Given information:
▬▬▬▬▬▬
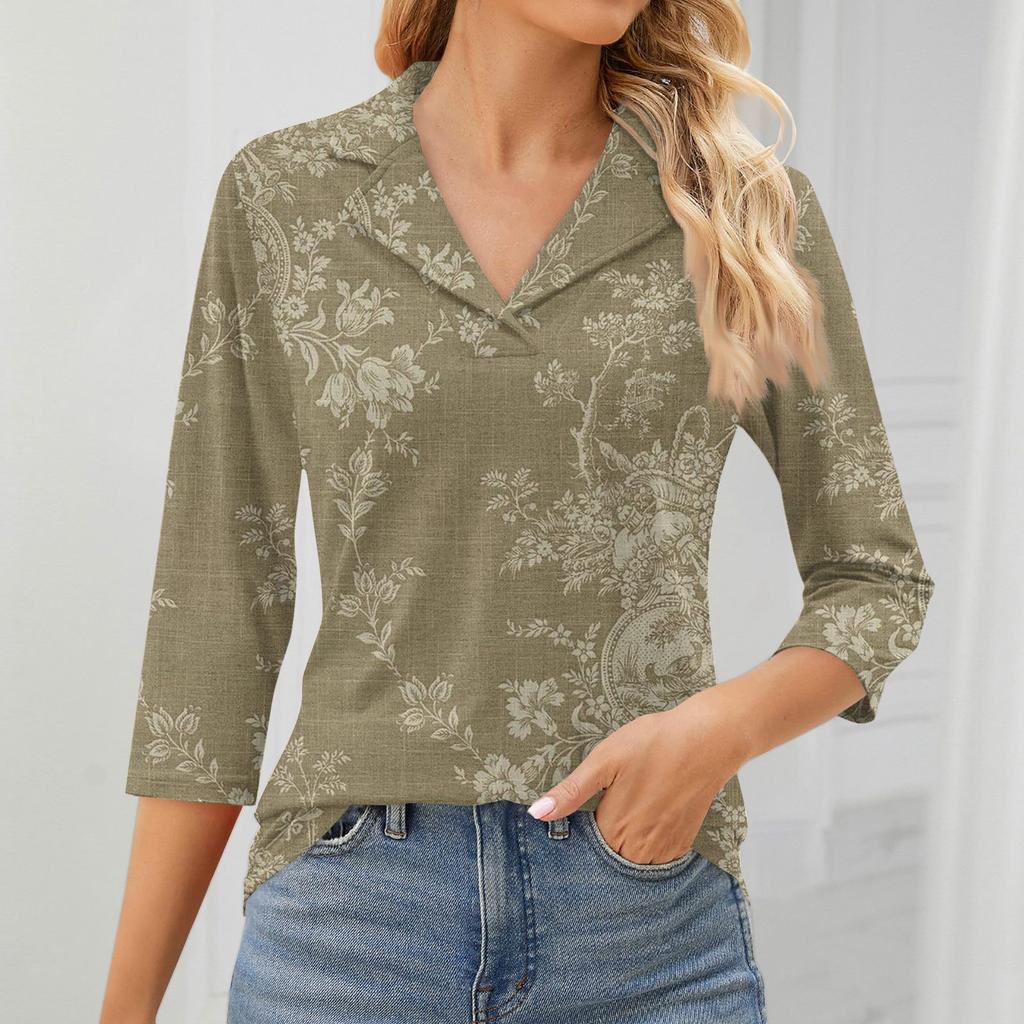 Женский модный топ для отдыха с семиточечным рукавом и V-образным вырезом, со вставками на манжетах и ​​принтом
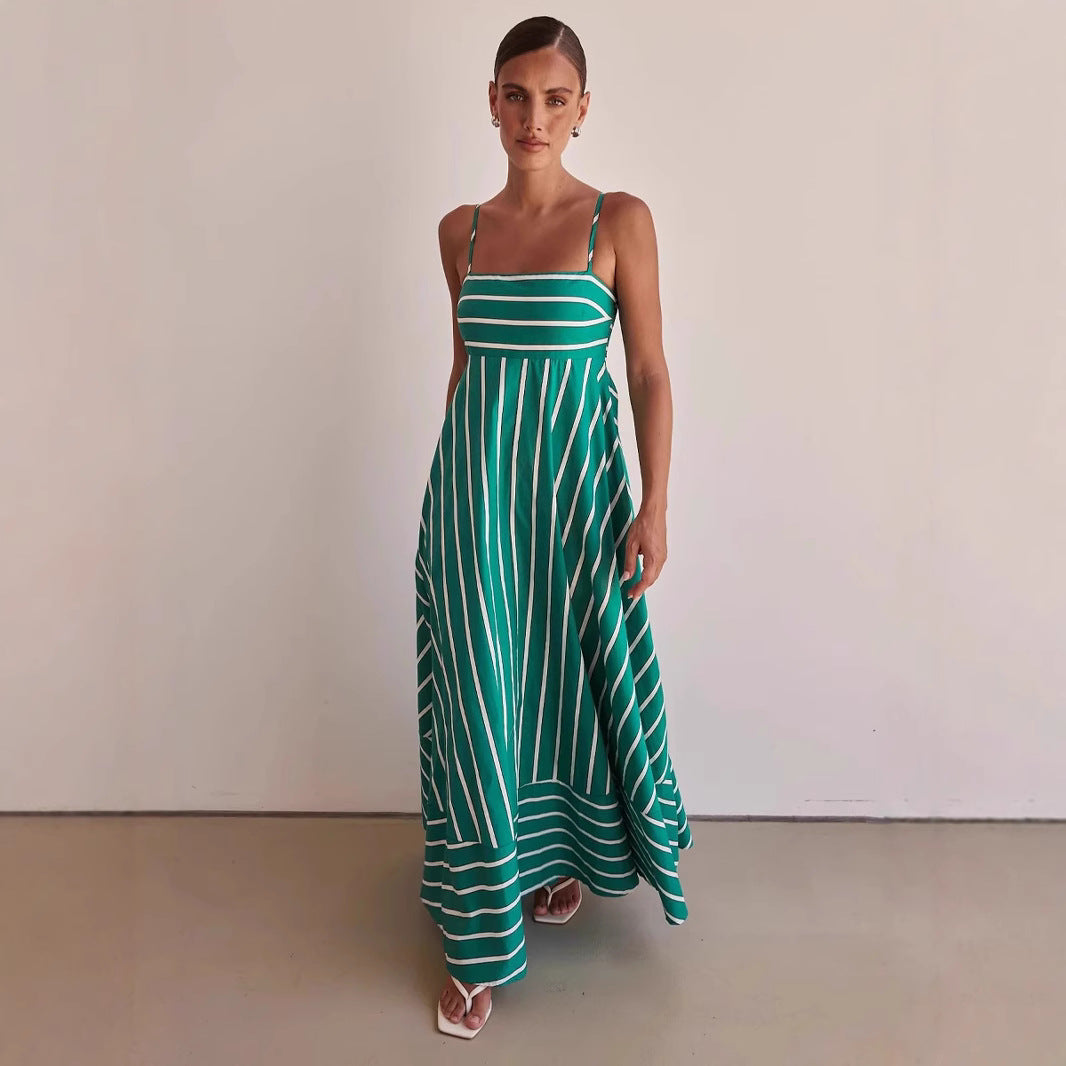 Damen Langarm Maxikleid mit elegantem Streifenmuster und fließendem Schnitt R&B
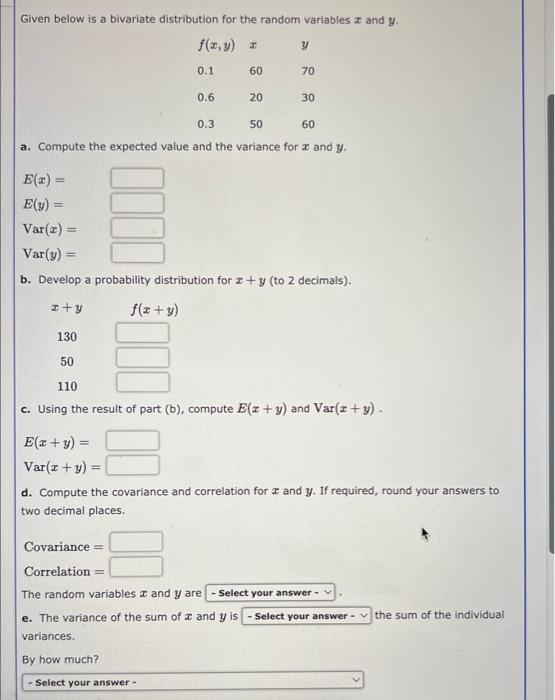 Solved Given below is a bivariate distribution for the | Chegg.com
▬▬▬▬▬▬
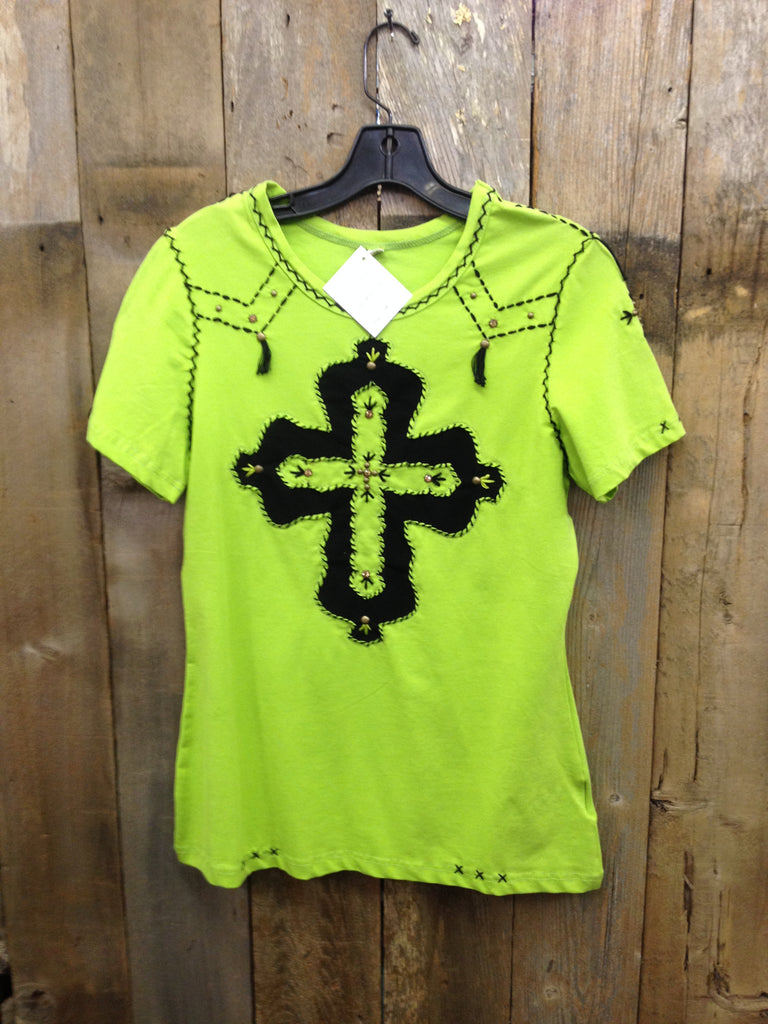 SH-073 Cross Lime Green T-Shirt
▬▬▬▬▬▬
Look above for the line containing "Женский модный топ" and the line containing "Solved Given below", then reproduce both and everything between them exactly, pictures omitted.

 Женский модный топ для отдыха с семиточечным рукавом и V-образным вырезом, со вставками на манжетах и ​​принтом
 Damen Langarm Maxikleid mit elegantem Streifenmuster und fließendem Schnitt R&B
 Solved Given below is a bivariate distribution for the | Chegg.com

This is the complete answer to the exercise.